§ INPUT DATA
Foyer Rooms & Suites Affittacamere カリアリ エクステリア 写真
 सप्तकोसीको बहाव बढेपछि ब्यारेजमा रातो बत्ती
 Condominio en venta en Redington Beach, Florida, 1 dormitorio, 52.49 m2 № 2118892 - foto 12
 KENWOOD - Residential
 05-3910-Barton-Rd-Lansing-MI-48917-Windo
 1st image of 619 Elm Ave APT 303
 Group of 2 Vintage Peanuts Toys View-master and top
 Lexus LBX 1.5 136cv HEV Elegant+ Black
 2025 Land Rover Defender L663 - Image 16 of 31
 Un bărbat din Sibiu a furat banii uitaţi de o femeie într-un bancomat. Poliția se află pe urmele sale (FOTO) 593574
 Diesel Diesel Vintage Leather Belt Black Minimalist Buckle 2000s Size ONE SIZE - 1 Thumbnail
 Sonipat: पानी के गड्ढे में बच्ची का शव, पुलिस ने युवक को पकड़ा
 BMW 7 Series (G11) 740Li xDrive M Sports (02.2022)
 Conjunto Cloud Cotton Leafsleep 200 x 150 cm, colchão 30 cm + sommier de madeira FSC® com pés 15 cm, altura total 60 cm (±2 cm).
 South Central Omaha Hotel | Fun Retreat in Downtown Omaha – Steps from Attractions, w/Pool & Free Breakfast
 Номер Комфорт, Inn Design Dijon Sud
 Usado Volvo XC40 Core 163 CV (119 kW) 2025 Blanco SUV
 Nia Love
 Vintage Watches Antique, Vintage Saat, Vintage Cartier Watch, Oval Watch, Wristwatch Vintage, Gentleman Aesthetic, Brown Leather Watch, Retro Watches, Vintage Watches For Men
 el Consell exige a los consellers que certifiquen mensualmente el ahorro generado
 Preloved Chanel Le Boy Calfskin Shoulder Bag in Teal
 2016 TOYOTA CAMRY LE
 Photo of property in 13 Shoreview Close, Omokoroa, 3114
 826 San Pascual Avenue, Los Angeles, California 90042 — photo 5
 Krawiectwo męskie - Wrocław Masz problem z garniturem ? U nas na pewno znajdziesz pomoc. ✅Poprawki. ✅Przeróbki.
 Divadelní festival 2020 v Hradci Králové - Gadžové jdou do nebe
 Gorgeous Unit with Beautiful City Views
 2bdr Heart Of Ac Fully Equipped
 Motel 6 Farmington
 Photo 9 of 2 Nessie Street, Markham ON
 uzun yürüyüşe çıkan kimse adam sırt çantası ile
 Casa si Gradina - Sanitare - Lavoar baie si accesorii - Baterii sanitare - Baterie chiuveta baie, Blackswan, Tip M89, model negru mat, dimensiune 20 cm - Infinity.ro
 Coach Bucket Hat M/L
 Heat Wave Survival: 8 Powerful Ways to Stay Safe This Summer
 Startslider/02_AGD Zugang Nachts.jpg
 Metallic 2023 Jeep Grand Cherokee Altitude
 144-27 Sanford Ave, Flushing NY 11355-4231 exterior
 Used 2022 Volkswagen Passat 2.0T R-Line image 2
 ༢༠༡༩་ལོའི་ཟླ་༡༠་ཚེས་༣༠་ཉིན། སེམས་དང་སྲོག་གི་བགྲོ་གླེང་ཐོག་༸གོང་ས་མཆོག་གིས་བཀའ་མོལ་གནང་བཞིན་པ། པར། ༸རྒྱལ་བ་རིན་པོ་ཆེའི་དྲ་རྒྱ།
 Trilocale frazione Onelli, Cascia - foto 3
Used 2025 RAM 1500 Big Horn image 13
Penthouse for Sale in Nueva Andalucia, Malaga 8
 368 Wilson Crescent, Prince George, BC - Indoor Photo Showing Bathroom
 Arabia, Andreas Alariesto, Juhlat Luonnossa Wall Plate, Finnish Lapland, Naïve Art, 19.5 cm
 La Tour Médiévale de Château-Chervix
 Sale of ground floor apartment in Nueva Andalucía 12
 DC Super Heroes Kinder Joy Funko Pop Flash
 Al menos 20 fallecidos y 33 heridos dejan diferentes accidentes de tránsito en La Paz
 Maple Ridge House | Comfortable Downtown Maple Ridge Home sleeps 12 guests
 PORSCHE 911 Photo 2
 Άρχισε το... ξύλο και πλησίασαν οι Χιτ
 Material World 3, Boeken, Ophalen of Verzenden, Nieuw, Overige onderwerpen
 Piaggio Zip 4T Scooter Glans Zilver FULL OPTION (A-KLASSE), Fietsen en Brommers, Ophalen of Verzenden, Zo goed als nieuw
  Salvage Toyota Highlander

§ EXERCISE
Each line of the records that contains the string "Verzenden" must be copied.

§ EXPECTED ANSWER
 Material World 3, Boeken, Ophalen of Verzenden, Nieuw, Overige onderwerpen
 Piaggio Zip 4T Scooter Glans Zilver FULL OPTION (A-KLASSE), Fietsen en Brommers, Ophalen of Verzenden, Zo goed als nieuw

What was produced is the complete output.